What Eastern Europeans Eat for Breakfast

They start their day with a hearty meal

Easter breakfast
Pawel Wewiorski / Getty Images

If you are traveling around the globe, you will encounter various forms of breakfast in different countries. In Eastern Europe, while cold cereals are becoming more common, breakfast typically is a much more substantial meal, including pickled meats, smoked sausages, pickled and fresh fruits and vegetables, hard-cooked eggs, cheeses, pastries, jams, jellies, and breads. The waffles, pancakes, and sweet rolls so common for breakfast in the West are usually reserved for the main course or dessert in Eastern Europe. Omelets are becoming popular in the larger hotels and restaurants, but loose, moist scrambled eggs are more common.

Hungarian Breakfast

In Hungary, breakfast might consist of any combination of bread, rolls, or crescent-shaped kiflik (pastries with sweet or savory fillings), along with butter, jam, or honey. You will also find eggs prepared in many ways as well as sausages. Different cheeses and cheese spreads, such as korozott, a goat cheese spread, and liptauer, a soft, unripened sheep's milk cheese make their way to the breakfast table.

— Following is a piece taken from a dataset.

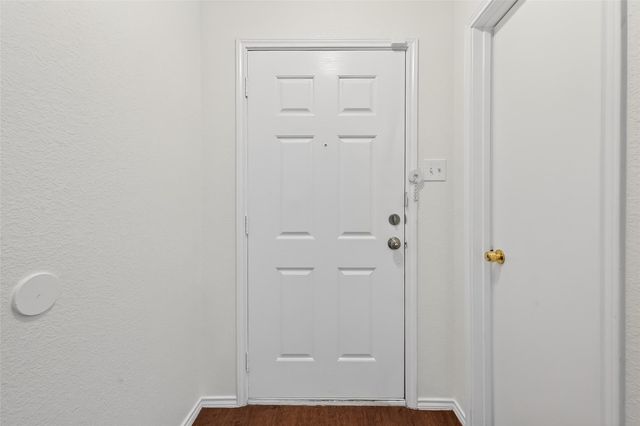 854 Darbydale Crossing Lane, Houston, TX 77090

Beverages are tea, coffee, or milk.

In summer, Hungarians sometimes have lecso (a tomato-pepper stew with paprika) as part of their first meal of the day.

Polish Breakfast

In Poland, where breakfast is known as sniadania, you might dine on an open-face sandwich, called zapiekanka or kanapka, made of cold cuts, meat spreads, kielbasa, cheese, tomatoes, and sliced pickles.

Bread and rolls of all types figure prominently at the Polish breakfast table and eggs prepared many ways—scrambled with bits of sausage or bacon, hard- or soft-boiled—are common. Hot oatmeal, muesli, or breakfast cereal with milk, as well as jams, especially powidla sliwkowe (plum butter), are popular.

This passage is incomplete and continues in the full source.